There are currently 40 million pensioners in Russia. People who have 5-10 years of work left before retirement should understand that it is worth working longer in order to receive a higher pension. Such a proposal was already considered years ago by Yegor Gaidar, who was the author of Russia’s liberal reforms. The pension fund would already be running a deficit at present, were it not for major subsidies from the federal budget.
Kudrin also mentions the reform of the tax system. He does not indicate the direction of this reform, but links this issue to the predictability of actions taken by the authorities and the public expectations in the context of a reform of the political model of the Russian state. This is the third fundamental task that should be carried out before the parliamentary elections in 2021: a full democratization and transparency of the electoral process.
Conservative reaction
These proposals were not met with enthusiasm in the community of Russian economists and political and business commentators who are shaping the attitudes of Russia’s ruling elite.
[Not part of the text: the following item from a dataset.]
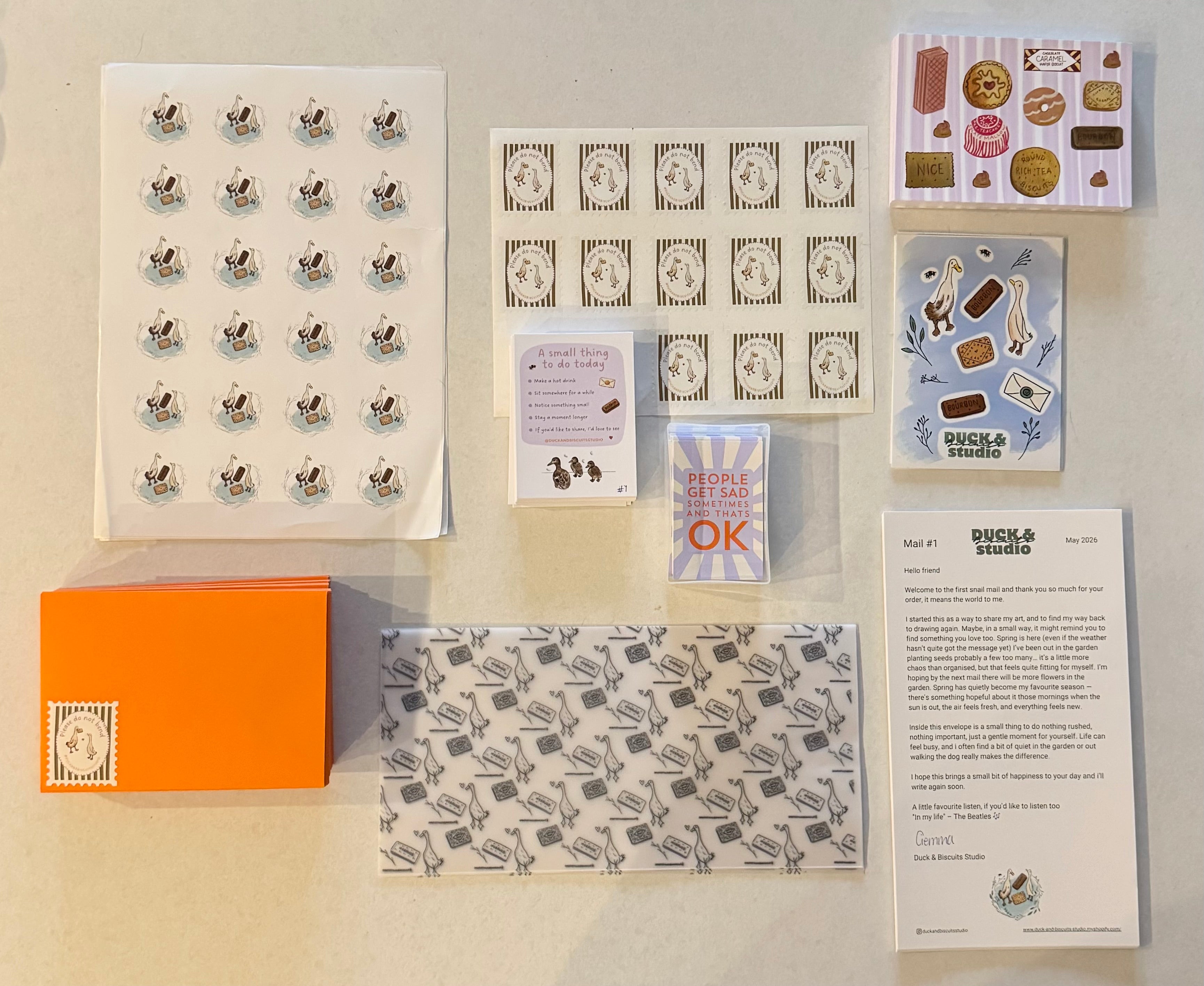 Collection of stationery items including cards, stickers, and an orange box on a beige background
Amid the intrusive “patriotic” propaganda, and the promotion of hatred against liberalism in the economy and in politics, the economic community is trying to discredit Alexei Kudrin in various ways. He is criticized for repeating the liberal thought patterns that Yegor Gaidar already proposed in the 1990s. According to the exaggerated critiques of the establishment economists, these liberal ideas could boil down to the conclusion that “there should be more oil and fewer people”. Kudrin’s opponents suggest that his plan only serves his own political and personal goals. In reality, they see it as a serious threat to their own interests.
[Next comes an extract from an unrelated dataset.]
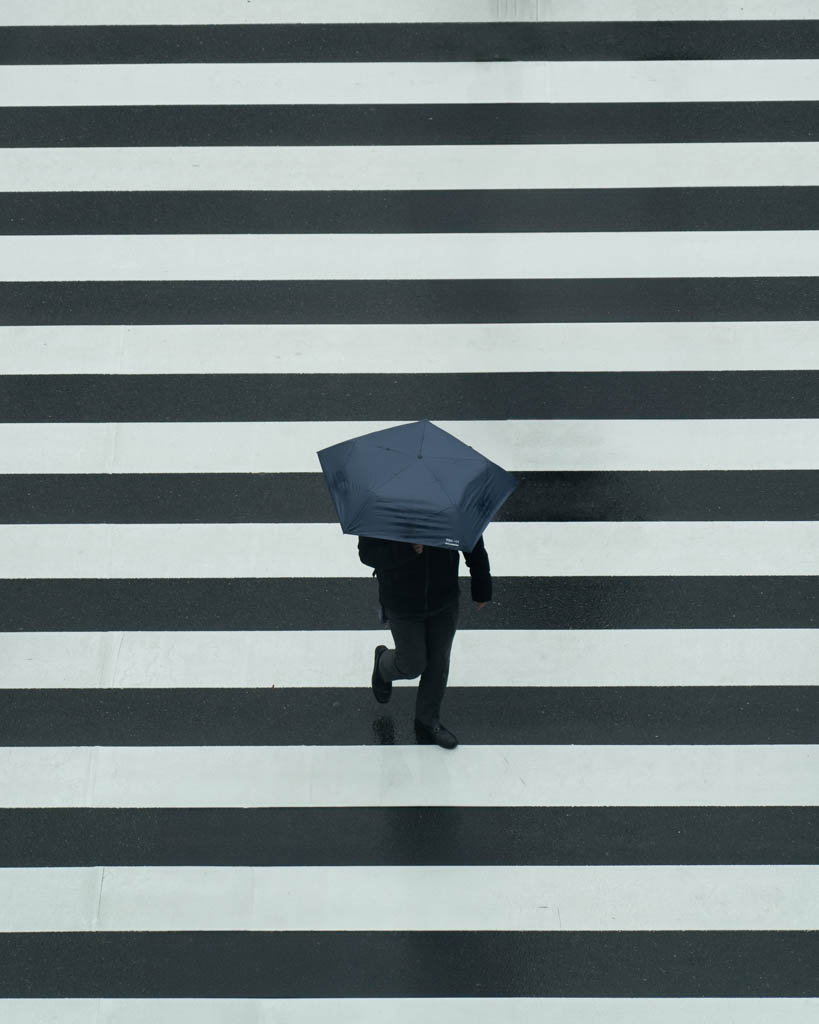 Aerial view of a pedestrian with umbrella crossing a striped Tokyo road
The well-known Russian economist Mikhail Delyagin, the director of the independent Institute of Problems of Globalization, believes that Putin himself understands little about economics and is completely dependent on experts in this matter. This group of experts includes a number of liberal economists with views similar to those of Gaidar, such as the president of Sberbank Herman Gref, the president of Rusnano Anatoly Chubais, the Finance Minister Anton Sihananov, the Governor of Russia’s central bank Elvira Nabiullina, and the former Minister of the Economy Alexei Ulyukayev, who was subjected to a provocation and tried in court. These people are maintaining at least a minimum level of macroeconomic stabilization in the economy.
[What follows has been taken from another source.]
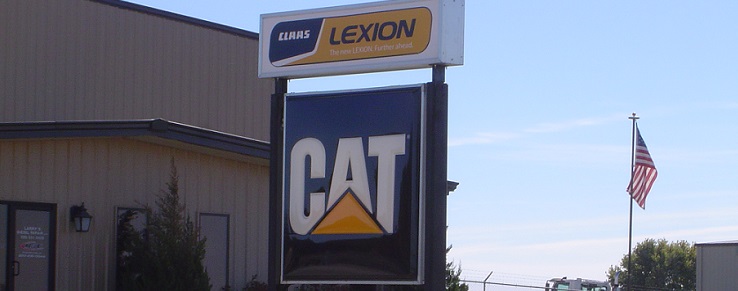 A picture of the our Claas Lexion Cat sign in front of our building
Despite the beliefs of some Russian officials that Russia should emulate China, there is simply no real alternative to free market views. The liberal, free-market line of thinking about the economy is subjected to sharp corrections by Putin’s arbitrary decisions regarding the militarization of the country, which are an expression of his neo-imperial ambitions. Putin and his oligarchic elite are aware, however, that a policy of autarky, isolation, and cutting Russia off from Western capital and technology is not a viable option. Because of that, post-communist populists such as Sergey Glazyev—who has expressed satisfaction with the sanctions, which in his opinion will activate own production and innovation – do not have much of a chance in this competition.
Russia’s most serious problem is the persistence of the hostile foreign policy towards the West, which collides with the policy of savings, especially in terms of military expenditures.
If the Western community does not force Putin to abandon the path of confrontation, then some sort of a “rotten” compromise will be reached in the economic policy, which will be a combination of liberalism and militarism. This would mean a continuation of Russia’s current downward spiral.